1912 By now they were using 3½ hp and water-cooled 4¼ hp Precision engines and a 3½ hp
JAP for the TT model. The motorcycles were fitted with two-speed Bowden gear, Saxon forks, oil tank mounted on the saddle tube, and fully enclosed chain final-drive.
1914 A 269cc Villiers two-stroke
model was added to the range. Typical of the type, it had two-speeds, belt
drive and Druid forks.
1915 That model was joined by a similar one with a 349cc Peco
engine, plus a four-stroke model with a Villiers engine and another with a V-twin King
1920 Advertised Model A 2-1/2 hp 2 stroke, Model B 2-1/2 hp 2 stroke 2 speed, Model B II with a Sturmey-Archer 2 speed, Model C 2½ hp with three speed box and sidecarette (105 pounds), Model D Ladies 2½ hp 2 speed.
Post War, the company moved to Smethwick, West Midlands, but only had one model.

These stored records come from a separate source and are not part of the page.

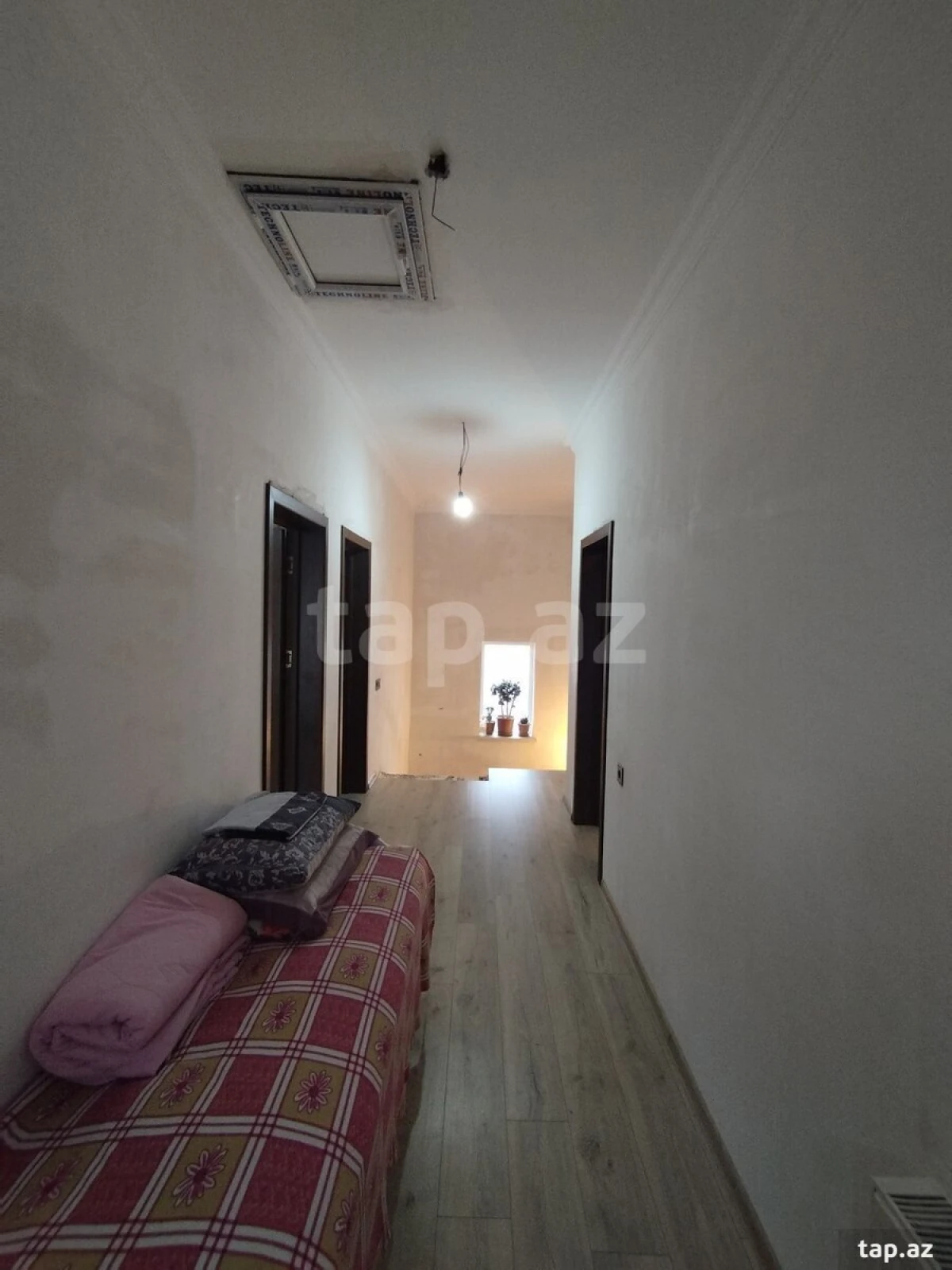 Satılır 4 otaqlı həyət evi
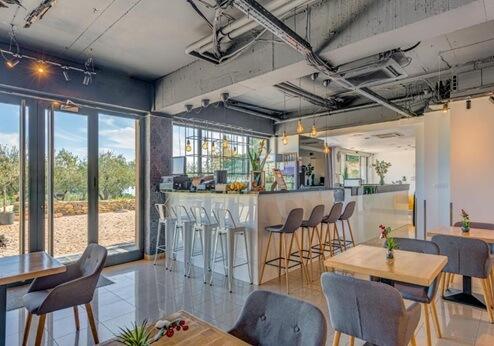 Hotel Pax, bar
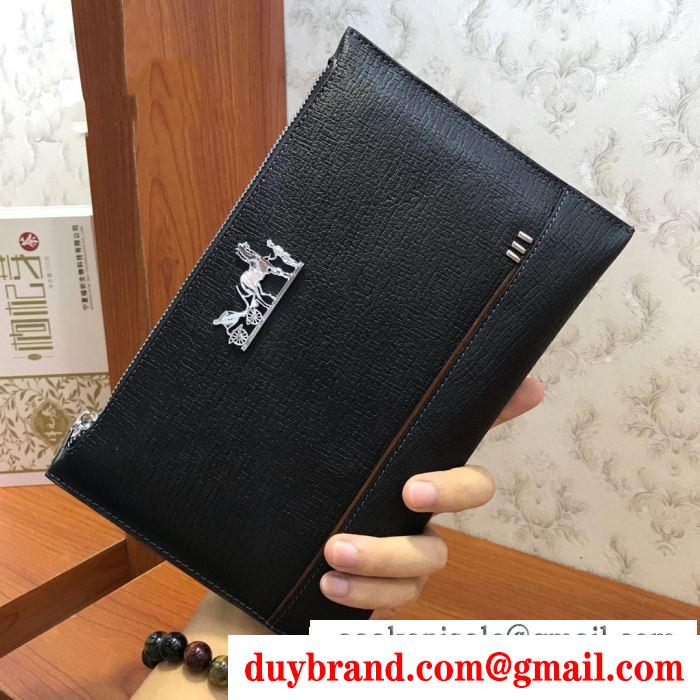 エルメス 冬のコーデも上品なイメージにしてくれる hermes この秋で旬のスタイルを楽しむ ポーチ 秋冬のコーデの強い味方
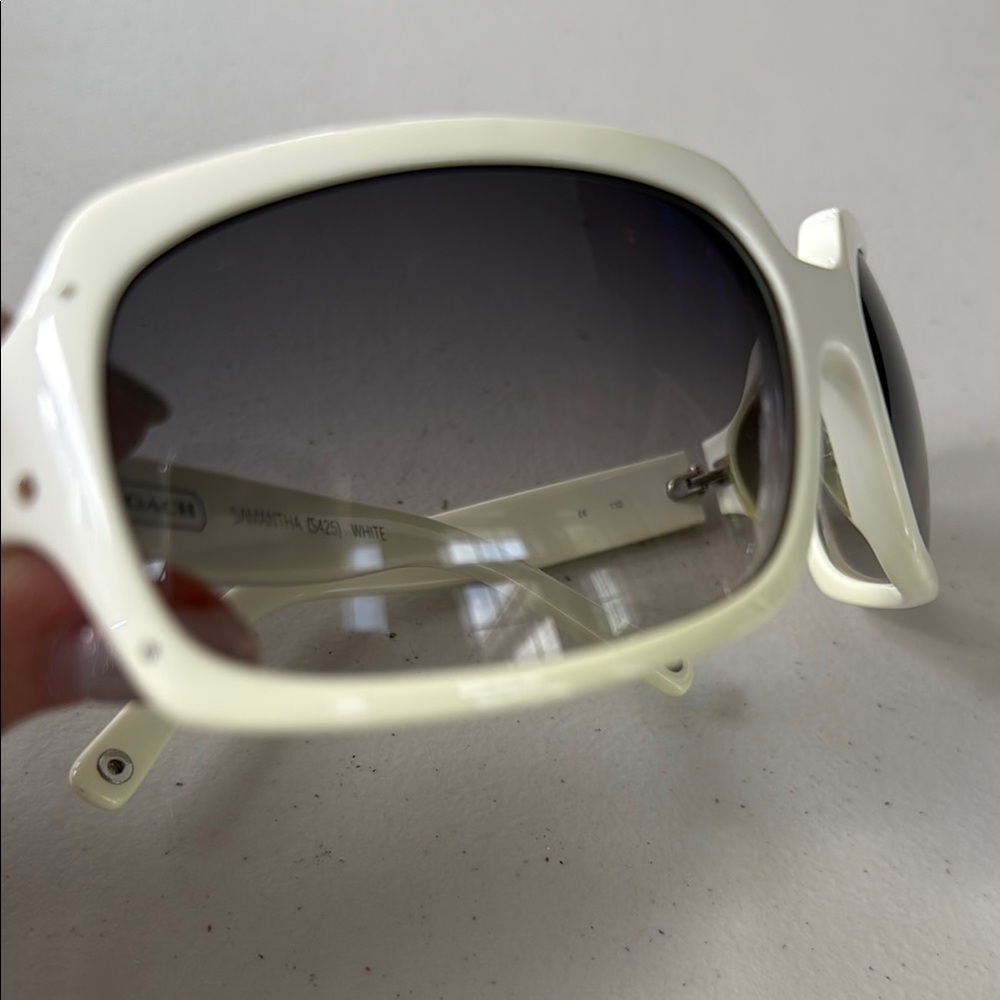 Coach Samantha Sunglasses - Picture 12 of 16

This was fitted with a 269cc Villiers engine, either with direct-belt drive or two speeds and
1922 Only the latter was offered that year.
1923 Production ceased.
In 1930, the Ixion brand reappeared as rebadged 250cc New Hudson sidevalves which they were having trouble moving in the very difficult market conditions. Using the Ixion marque enabled New Hudson to sell their stock at much more competitive prices.
The company name is also recorded as Whittal Engineering, of Whitall St Birmingham. This appears to be a furphy.
The Ixion built by Primus 1902-1904 was at Loughborough Junction, London. It was almost certainly built under license from Ixion of France
No relation between any of these marques and the famous English motorcycle journalist of the era whose nom de plume was Ixion.